_Exercise details_
Leaving out all pictures, return the records word for word.

_Input_
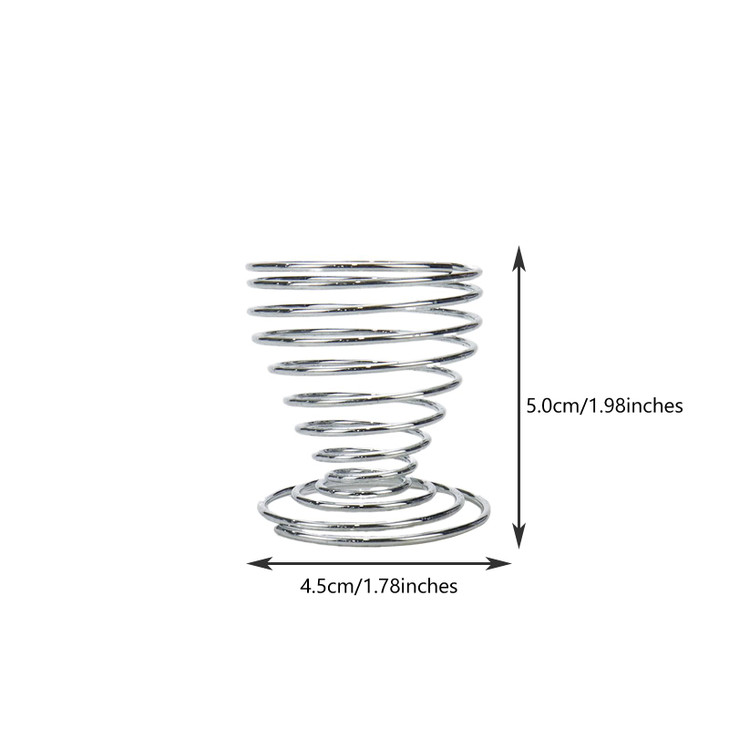 Faotup 4Pcs Spring Wire Egg Cup Holders Boiled Egg Holder Egg Cup Holders Spring Wire Egg Tray for Kitchen, Silver, 1.78"x1.98"(LxH)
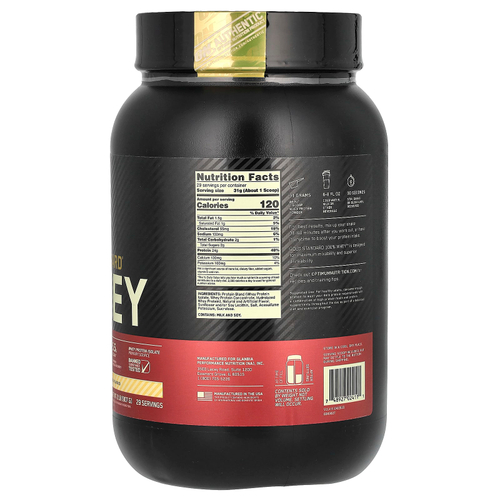 Optimum Nutrition, Gold Standard 100% Whey, сыворотка, французский ванильный крем, 907 г (2 фунта)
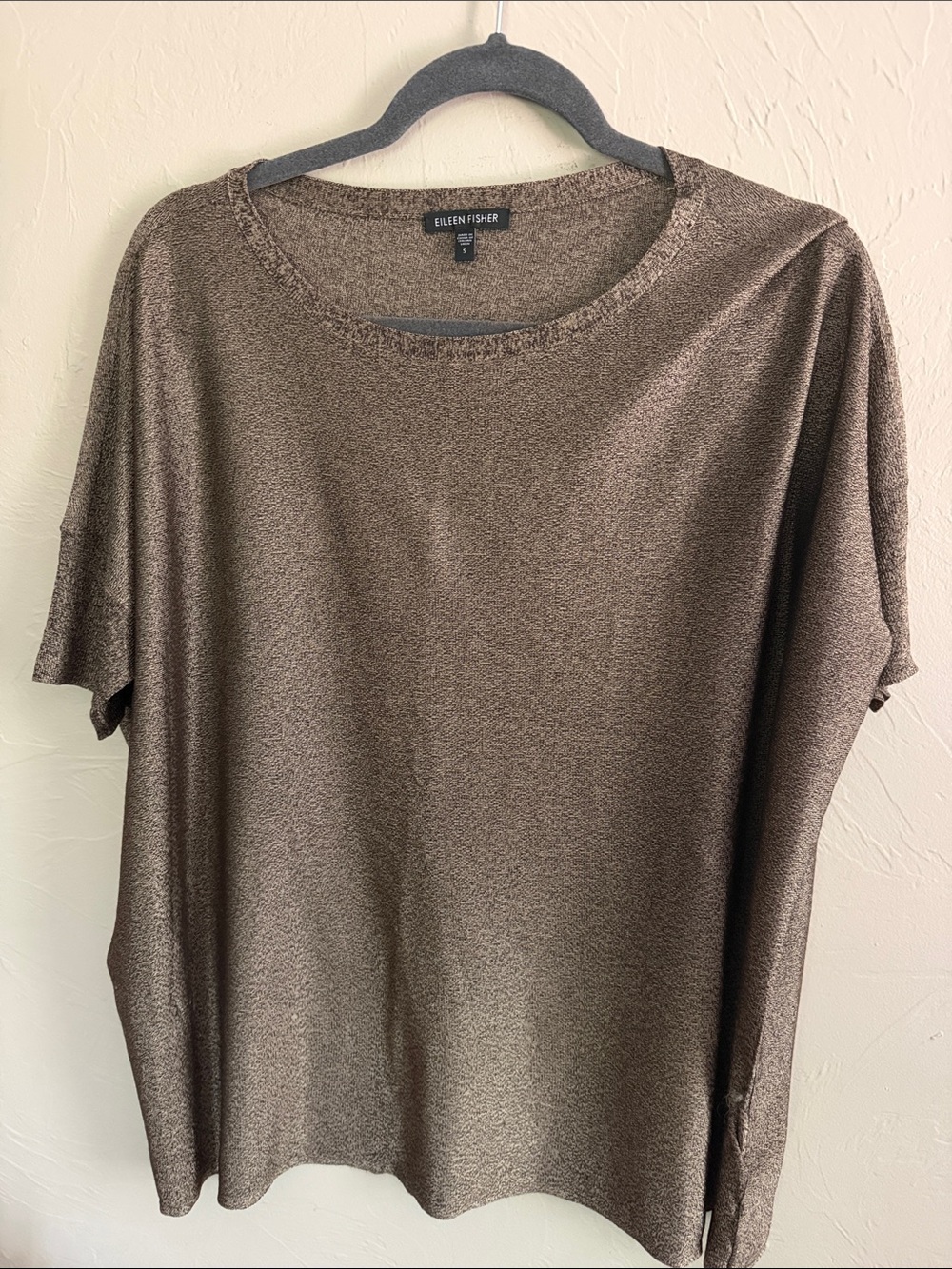 Eileen Fisher Shimmery Taupe Short Sleeve Top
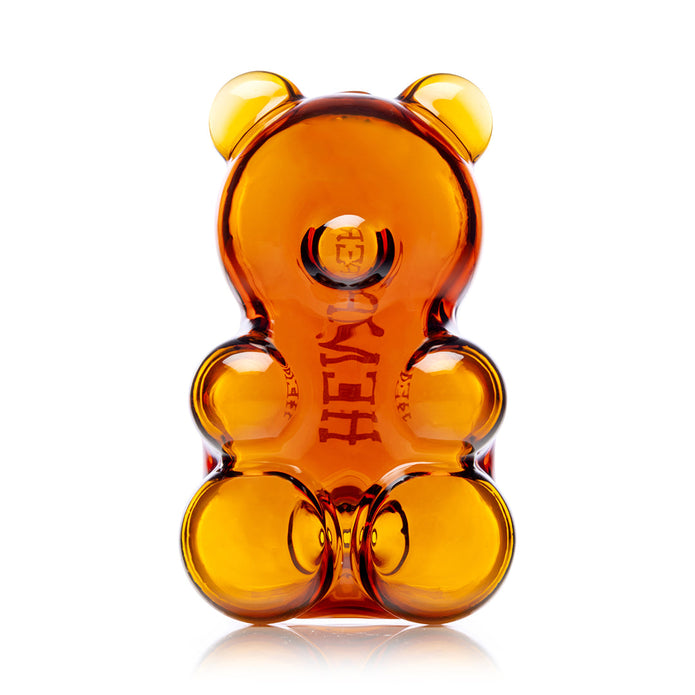 Close-up of gummy bear glass pipe highlighting the bear face and shiny translucent look, compact everyday hand pipe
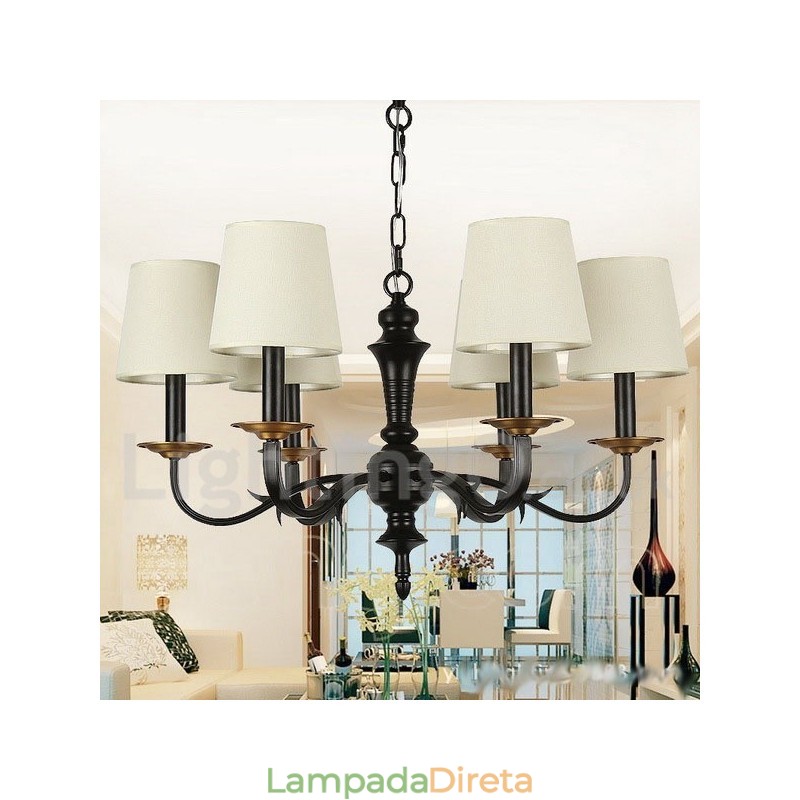 Lustre estilo vela retrô rústico de 6 luzes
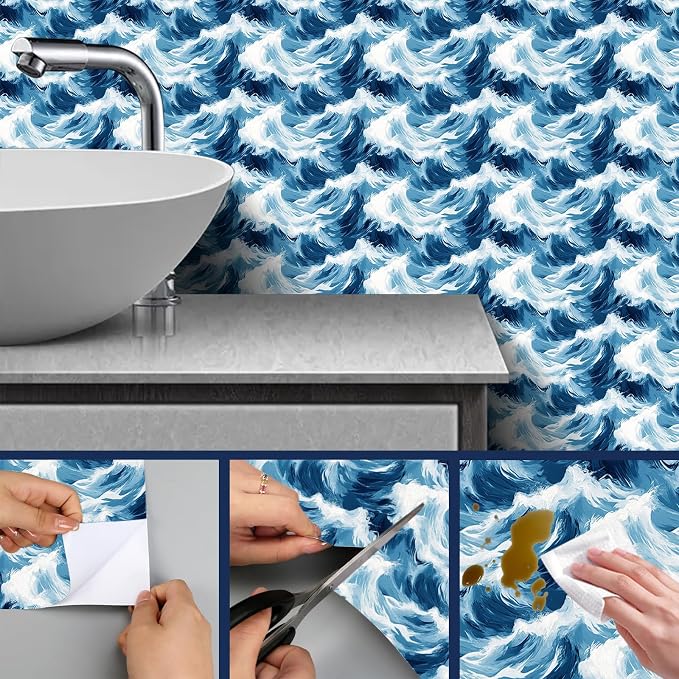 HOMETITUTE Blue Wave Pattern Wallpaper Peel and Stick Self Adhesive Vinyl Wall - Image 7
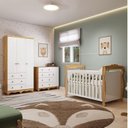 Ver imagem 1 de Quarto de Bebê Completo Berço 3 em 1, Guarda-Roupa 3 Portas e Cômoda 100% MDF Nina Espresso Móveis Branco/Brilho/Amêndoa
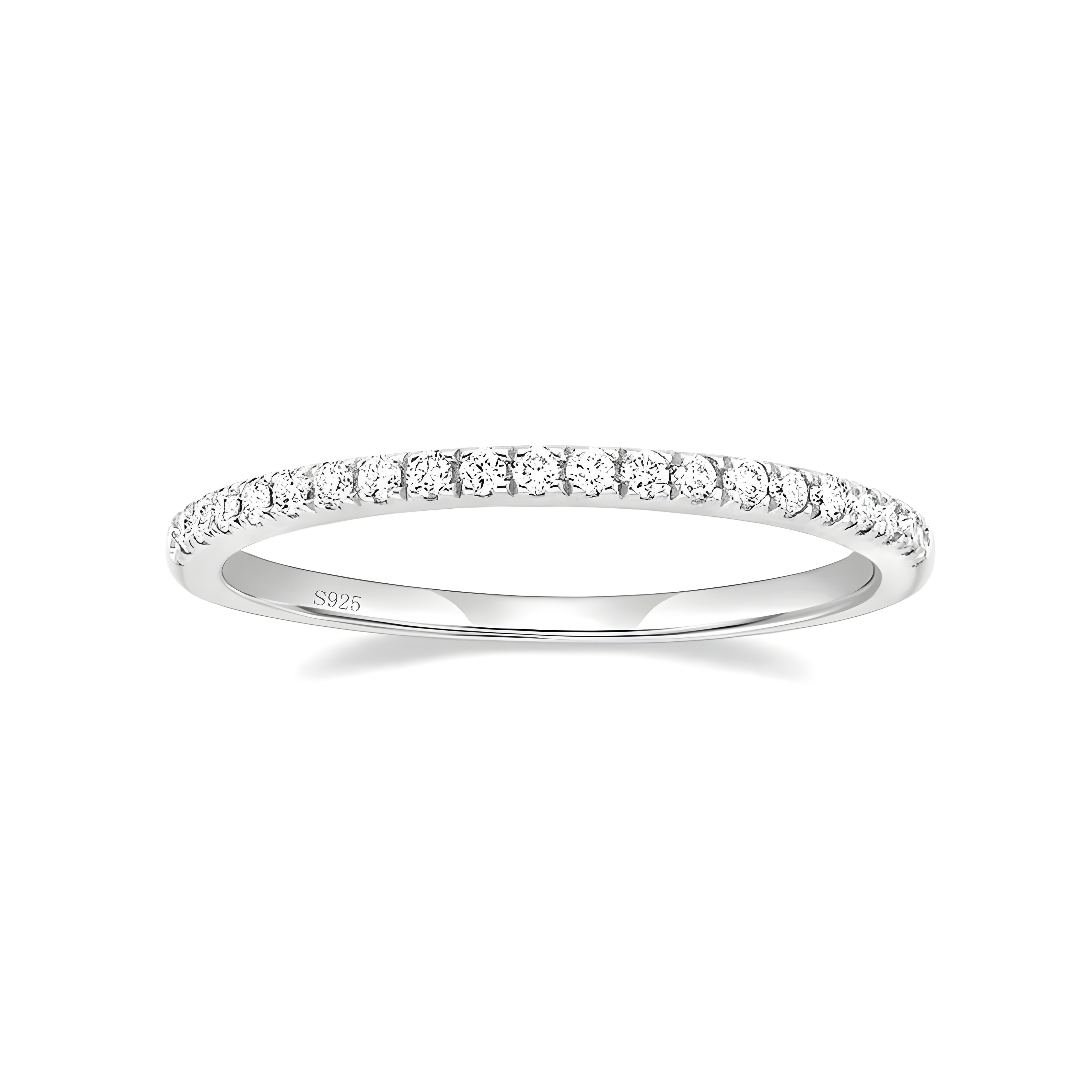 Dainty Moissanite Eternity 925 Band Ring (Sterling Silver)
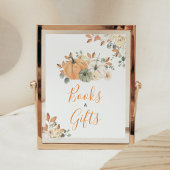 秋のフローラカボチャ赤ちゃんシャワー本とギフト ポスター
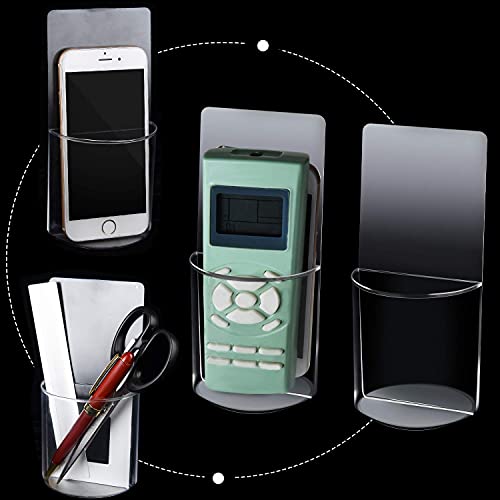 Boao 4 Pieces Wall Mount Remote Control Holder Self Adhesive Pen Holder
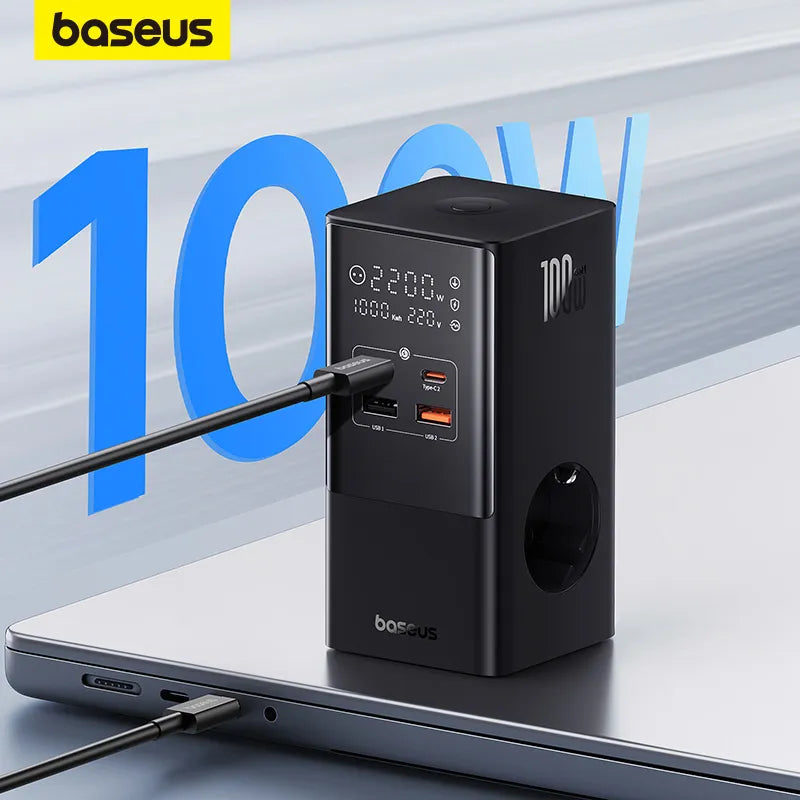 chargeur bureau intelligent Baseus 100W multiprise Tunisie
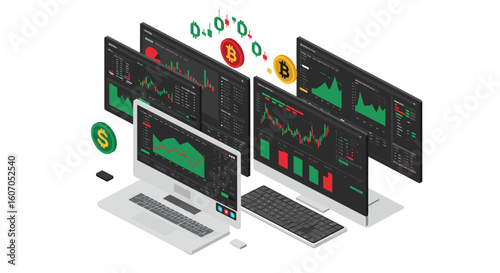 Modern financial trading dashboard with cryptocurrency symbols in isom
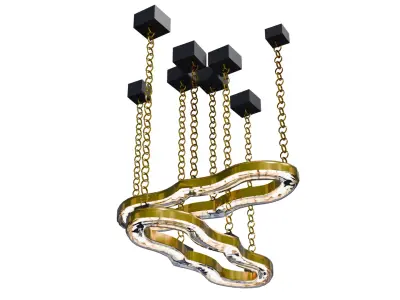 Gold chain pendant lamp for classic style interiors Low-poly 3D model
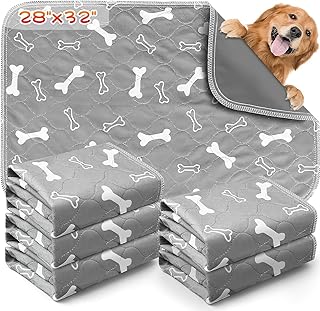 6Pack Washable Pee Pads for Dogs, 32×28 Inch Reusable Dog Pads, Non Slip Puppy Pads with Urine Absorption, Reusable Puppy Pads for Whelping, Potty, Training, Playpen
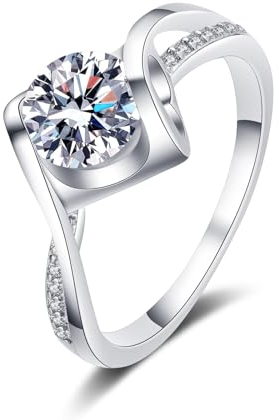 KnSam Freundschaftsringe Weißgold Au750 18 Karat, 1ct Labor Erstellt Diamant Diamantring Klassiker Rund Design, 18K Gold Hochzeitsring Echter Schmuck für Damen, Gr.54 (17.2)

_Task result_
 Faotup 4Pcs Spring Wire Egg Cup Holders Boiled Egg Holder Egg Cup Holders Spring Wire Egg Tray for Kitchen, Silver, 1.78"x1.98"(LxH)
 Optimum Nutrition, Gold Standard 100% Whey, сыворотка, французский ванильный крем, 907 г (2 фунта)
 Eileen Fisher Shimmery Taupe Short Sleeve Top
 Close-up of gummy bear glass pipe highlighting the bear face and shiny translucent look, compact everyday hand pipe
 Lustre estilo vela retrô rústico de 6 luzes
 HOMETITUTE Blue Wave Pattern Wallpaper Peel and Stick Self Adhesive Vinyl Wall - Image 7
 Ver imagem 1 de Quarto de Bebê Completo Berço 3 em 1, Guarda-Roupa 3 Portas e Cômoda 100% MDF Nina Espresso Móveis Branco/Brilho/Amêndoa
 Dainty Moissanite Eternity 925 Band Ring (Sterling Silver)
 秋のフローラカボチャ赤ちゃんシャワー本とギフト ポスター
 Boao 4 Pieces Wall Mount Remote Control Holder Self Adhesive Pen Holder
 chargeur bureau intelligent Baseus 100W multiprise Tunisie
 Modern financial trading dashboard with cryptocurrency symbols in isom
 Gold chain pendant lamp for classic style interiors Low-poly 3D model
 6Pack Washable Pee Pads for Dogs, 32×28 Inch Reusable Dog Pads, Non Slip Puppy Pads with Urine Absorption, Reusable Puppy Pads for Whelping, Potty, Training, Playpen
 KnSam Freundschaftsringe Weißgold Au750 18 Karat, 1ct Labor Erstellt Diamant Diamantring Klassiker Rund Design, 18K Gold Hochzeitsring Echter Schmuck für Damen, Gr.54 (17.2)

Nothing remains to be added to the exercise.